EXTRACTED ENTRIES:
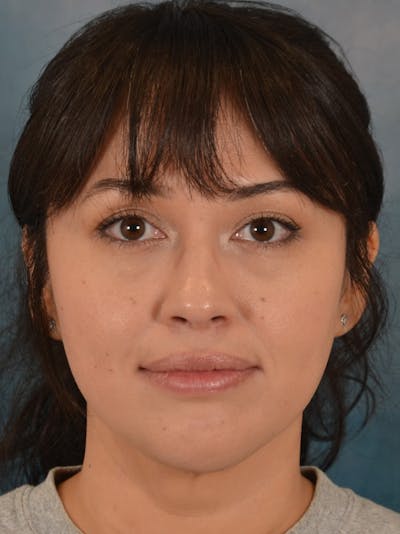 Deep Neck Lift Before & After Gallery - Patient 121070 - Image 2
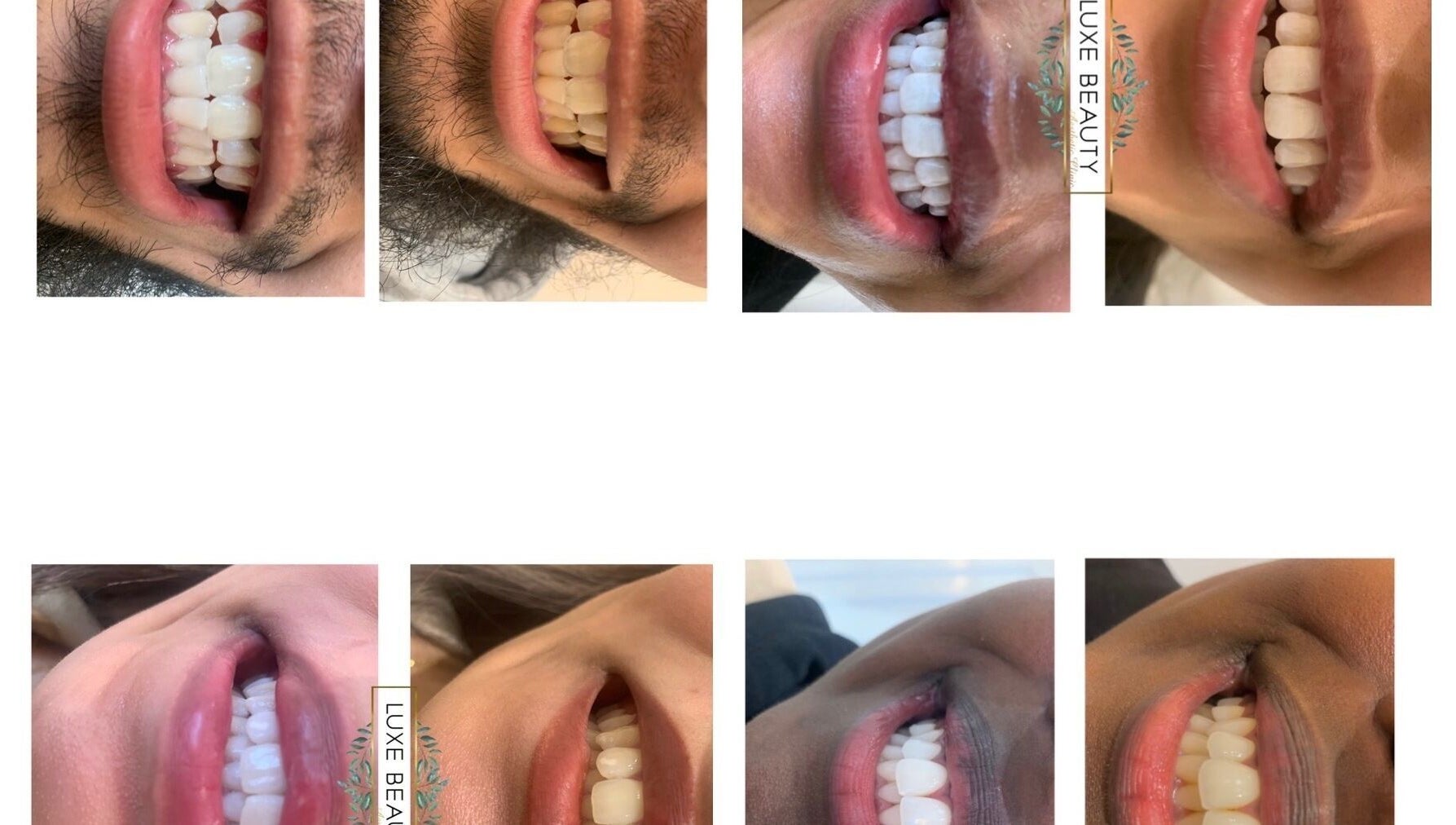 Close-up of beaming smiles after treatment at Luxe Beauty, London, England, GB, showcasing dental care results.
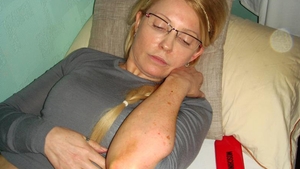 Iulia Timosenko nu a fost batuta in inchisoare, spun procurorii! Vezi cum s-a ales cu toate vanataile de pe corp!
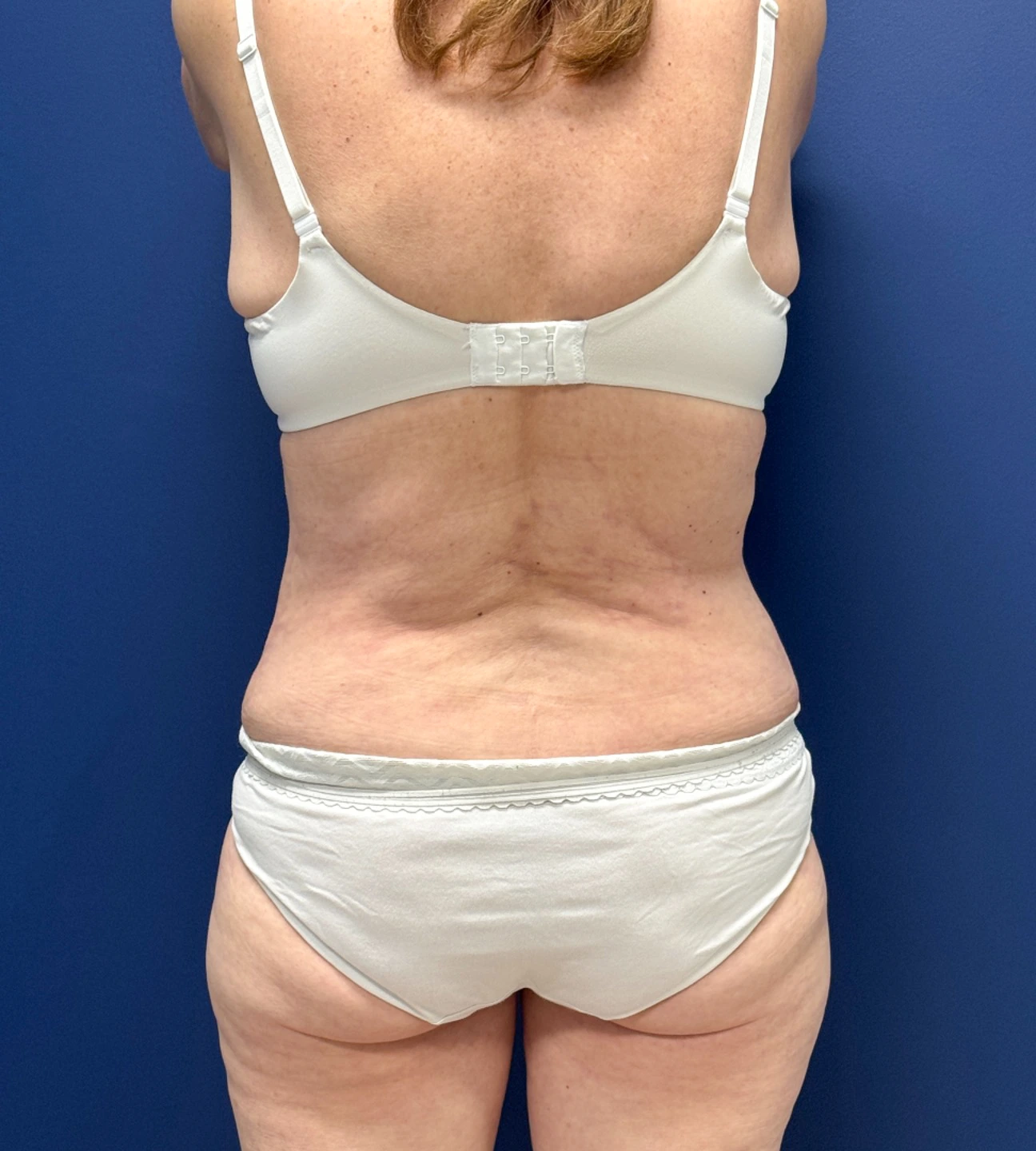 Abdominoplasty-Case--23690 | After Liposuction 3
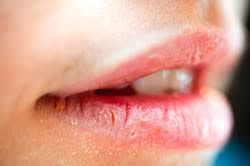 5 Treatment Alami Atasi Mulut Kering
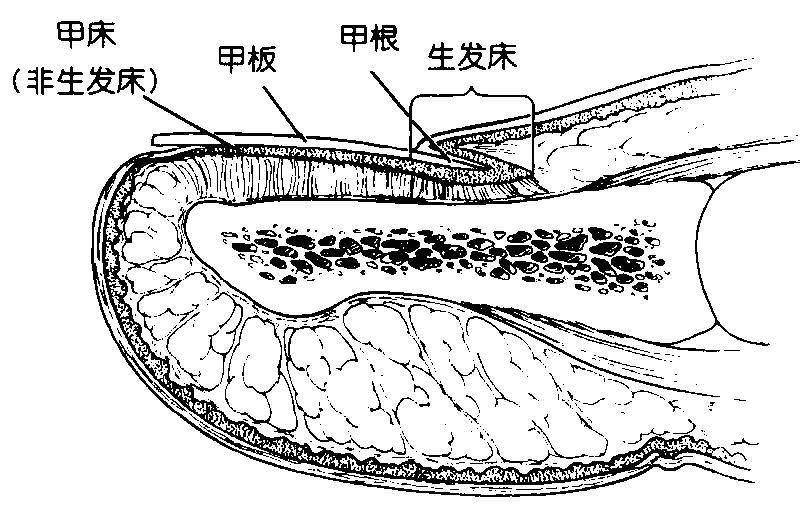 边缘生发床失去原有的逐渐变薄生理结构,新长甲板的边缘将不再圆润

WHAT TO DO:
So that the copy stays exact, reproduce each record word for word and leave its images out.

TASK ANSWER:
 Deep Neck Lift Before & After Gallery - Patient 121070 - Image 2
 Close-up of beaming smiles after treatment at Luxe Beauty, London, England, GB, showcasing dental care results.
 Iulia Timosenko nu a fost batuta in inchisoare, spun procurorii! Vezi cum s-a ales cu toate vanataile de pe corp!
 Abdominoplasty-Case--23690 | After Liposuction 3
 5 Treatment Alami Atasi Mulut Kering
 边缘生发床失去原有的逐渐变薄生理结构,新长甲板的边缘将不再圆润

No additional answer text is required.